Gedenktafel in der Konstanzer Gebhardschule
Die Schule im Konstanzer rechtsrheinischen Stadtteil Petershausen wurde 1909 vom Stadtbaumeister Paul Jordan als Volksschule erbaut. Sie besteht aus zwei Flügeln, einer Mädchen- und einer Knabenschule, damals jede mit eigenem Pausenhof.
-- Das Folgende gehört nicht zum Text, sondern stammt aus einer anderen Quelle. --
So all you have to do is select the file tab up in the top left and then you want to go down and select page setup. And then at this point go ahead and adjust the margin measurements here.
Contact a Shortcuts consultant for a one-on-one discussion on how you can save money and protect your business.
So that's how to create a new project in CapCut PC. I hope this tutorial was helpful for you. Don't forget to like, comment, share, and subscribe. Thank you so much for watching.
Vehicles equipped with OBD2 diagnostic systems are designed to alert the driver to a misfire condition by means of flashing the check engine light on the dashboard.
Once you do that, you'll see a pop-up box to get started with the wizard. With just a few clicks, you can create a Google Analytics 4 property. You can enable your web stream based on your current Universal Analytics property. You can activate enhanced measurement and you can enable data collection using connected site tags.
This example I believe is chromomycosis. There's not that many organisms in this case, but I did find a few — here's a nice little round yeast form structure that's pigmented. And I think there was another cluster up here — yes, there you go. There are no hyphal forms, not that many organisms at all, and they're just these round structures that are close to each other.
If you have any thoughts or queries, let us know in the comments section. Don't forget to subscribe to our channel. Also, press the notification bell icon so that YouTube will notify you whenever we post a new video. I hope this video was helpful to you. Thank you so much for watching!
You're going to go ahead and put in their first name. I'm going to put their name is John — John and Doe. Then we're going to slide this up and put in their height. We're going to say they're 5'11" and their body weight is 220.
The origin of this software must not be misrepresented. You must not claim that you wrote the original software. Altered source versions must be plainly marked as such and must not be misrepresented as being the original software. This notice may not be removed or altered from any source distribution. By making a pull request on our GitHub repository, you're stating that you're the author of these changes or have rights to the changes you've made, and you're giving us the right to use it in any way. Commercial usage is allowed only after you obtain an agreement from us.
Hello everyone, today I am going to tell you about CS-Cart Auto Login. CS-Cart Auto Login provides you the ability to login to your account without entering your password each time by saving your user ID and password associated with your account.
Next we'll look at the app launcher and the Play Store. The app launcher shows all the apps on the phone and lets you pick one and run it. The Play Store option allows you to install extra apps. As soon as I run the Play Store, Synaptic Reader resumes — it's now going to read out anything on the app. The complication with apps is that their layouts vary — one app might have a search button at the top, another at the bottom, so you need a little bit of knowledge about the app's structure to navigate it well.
Der Festsaal spiel in Dygats Roman eine besondere Rolle.
Zum 100. Geburtstag von Stanislaw Dygat wurde – mit etwas Verspätung am 5. Dezember 2015 – im Eingangsbereich der Gebhardschule (ehemalige Mädchenschule, Südseite) in Anwesenheit von Vertretern der polnischen Botschaft in Berlin, der Stadt Konstanz und der Tochter von Stanislaw Dygat eine zweisprachige Gedenktafel angebracht: «In diesem Haus war 1940 der herausragende polnische Schriftsteller Stanislaw Dygat (1914 – 1978) interniert. Hier spielt auch die Handlung seines Romans ‹Bodensee›. Zum Jahrestag des Geburtstages des Schriftstellers, Konstanz Dezember 2015.» Im Rahmen des Internationalen Bodensee-Festivals 1998 mit polnischer Kultur und Literatur, fanden in Ravensburg und St. Gallen auch Lesungen von Dygats Bodensee-Roman statt.
Urs Oskar Keller (*1955) ist Journalist und Fotoreporter. Er lebt in Landschlacht.